# Length of the Tangent to a Circle

Let the tangent drawn from the point $P\left( {{x_1},{y_1}} \right)$ meet the circle at the point $T$ as shown in the given diagram. The equation is given by ${x^2} + {y^2} + 2gx + 2fy + c = 0\,\,\,\,{\text{ – – – }}\left( {\text{i}} \right)$

Consider the triangle $PTC$ formed in this way is a right triangle, so according to the given diagram we have

${\left| {PT} \right|^2} + {\left| {TC} \right|^2} = {\left| {PC} \right|^2}\,\,\,\,{\text{ – – – }}\left( {{\text{ii}}} \right)$

It is observed that $\left| {TC} \right|$ is the radius of the circle, so ${\left| {TC} \right|^2} = {g^2} + {f^2} – c$.

We also have ${\left| {PC} \right|^2} = {\left( {{x_1} – \left( { – g} \right)} \right)^2} + {\left( {{y_1} – \left( { – f} \right)} \right)^2} = {\left( {{x_1} + g} \right)^2} + {\left( {{y_1} + f} \right)^2}$

Putting all these values in (ii), we get

$\begin{gathered} {\left| {PT} \right|^2} + {g^2} + {f^2} – c = {\left( {{x_1} + g} \right)^2} + {\left( {{y_1} + f} \right)^2} \\ \Rightarrow {\left| {PT} \right|^2} + {g^2} + {f^2} – c = {x_1}^2 + 2g{x_1} + {g^2} + {y_1}^2 + 2f{y_1} + {f^2} \\ \Rightarrow {\left| {PT} \right|^2} = {x_1}^2 + {y_1}^2 + 2g{x_1} + 2f{y_1} + c \\ \Rightarrow \left| {PT} \right| = \sqrt {{x_1}^2 + {y_1}^2 + 2g{x_1} + 2f{y_1} + c} \\ \end{gathered}$

This gives the length of the tangent from the point $P\left( {{x_1},{y_1}} \right)$ to the circle ${x^2} + {y^2} + 2gx + 2fy + c = 0$.

Similarly, we can show that the $PS$ is also of the same length.

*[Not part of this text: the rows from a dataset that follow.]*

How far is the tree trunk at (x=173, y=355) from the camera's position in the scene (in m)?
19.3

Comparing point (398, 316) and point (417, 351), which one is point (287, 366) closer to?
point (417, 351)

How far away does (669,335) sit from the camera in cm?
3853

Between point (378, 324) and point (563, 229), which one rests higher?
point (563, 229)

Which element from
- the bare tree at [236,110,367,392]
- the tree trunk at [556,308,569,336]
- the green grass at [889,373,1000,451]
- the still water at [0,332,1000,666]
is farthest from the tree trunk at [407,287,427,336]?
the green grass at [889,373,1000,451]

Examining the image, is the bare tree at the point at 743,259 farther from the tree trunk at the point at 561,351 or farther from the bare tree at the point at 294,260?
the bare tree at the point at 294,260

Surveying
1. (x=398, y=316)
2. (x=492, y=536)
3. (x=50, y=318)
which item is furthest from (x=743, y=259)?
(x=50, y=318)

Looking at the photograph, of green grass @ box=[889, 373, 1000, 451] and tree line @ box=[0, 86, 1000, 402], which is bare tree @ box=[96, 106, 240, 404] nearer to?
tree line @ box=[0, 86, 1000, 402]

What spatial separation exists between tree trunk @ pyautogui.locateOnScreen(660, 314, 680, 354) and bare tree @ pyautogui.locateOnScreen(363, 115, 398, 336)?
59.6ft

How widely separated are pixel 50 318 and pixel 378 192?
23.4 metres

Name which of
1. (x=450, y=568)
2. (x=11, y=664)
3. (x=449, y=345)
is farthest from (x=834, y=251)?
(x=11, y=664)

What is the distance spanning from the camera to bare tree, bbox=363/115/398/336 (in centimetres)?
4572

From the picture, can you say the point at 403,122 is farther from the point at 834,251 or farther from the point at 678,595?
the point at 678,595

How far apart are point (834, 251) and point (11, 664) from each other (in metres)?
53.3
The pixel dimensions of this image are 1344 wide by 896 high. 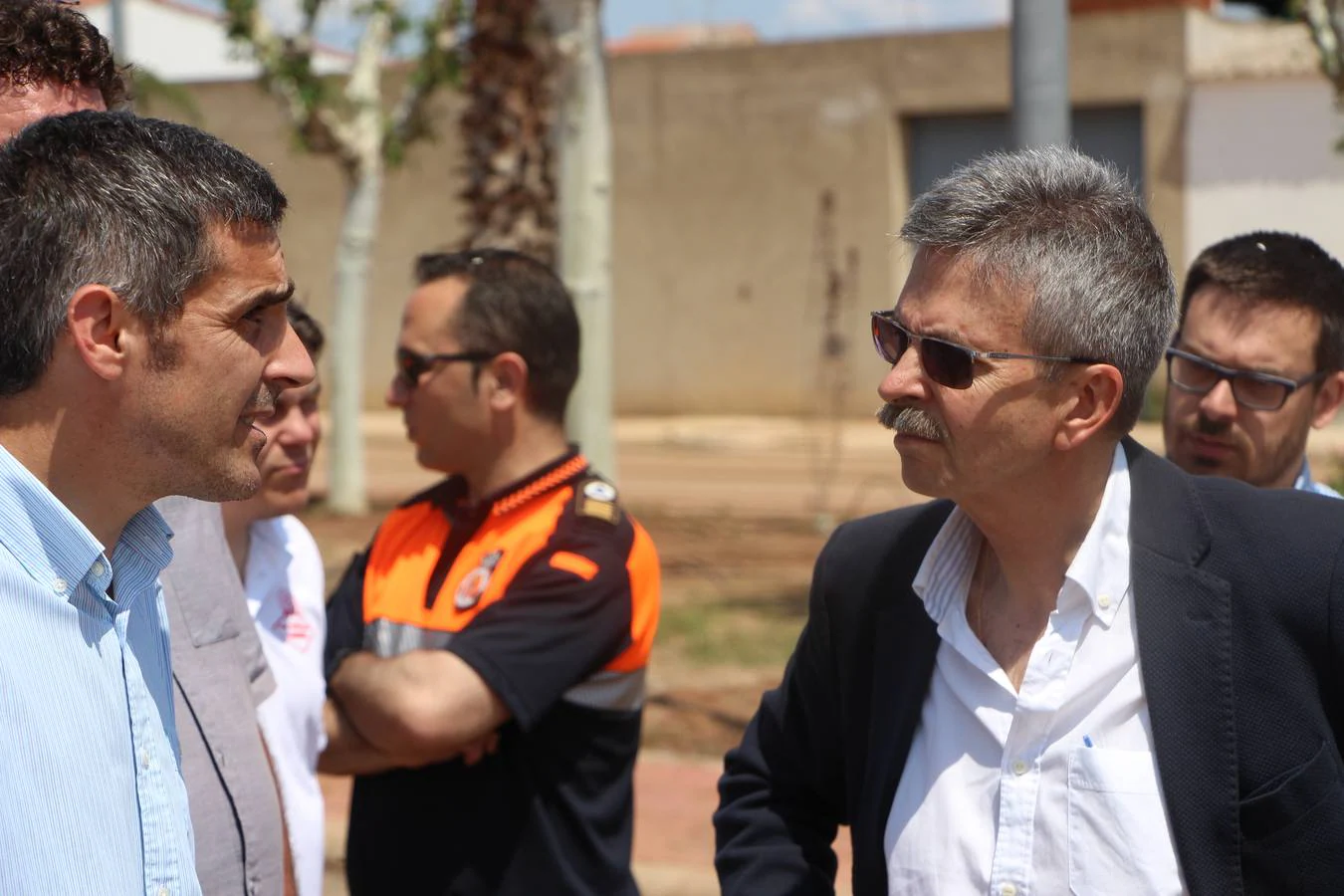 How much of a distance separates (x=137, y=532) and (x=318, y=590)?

Example: Find the length of the tangent from $\left( {12, – 9} \right)$ to the circle
$3{x^2} + 3{y^2} – 7x + 22y + 9 = 0$

Dividing the equation of the circle by 3, we get the standard form
${x^2} + {y^2} – \frac{7}{3}x + \frac{{22}}{3}y + 3 = 0$

The required length of the tangent from $\left( {12, – 9} \right)$ is

$\sqrt {{{\left( {12} \right)}^2} + {{\left( { – 9} \right)}^2} – \frac{7}{3}\left( {12} \right) + \frac{{22}}{3}\left( { – 9} \right) + 3} = \sqrt {144 + 81 – 28 – 66 + 3} = \sqrt {134}$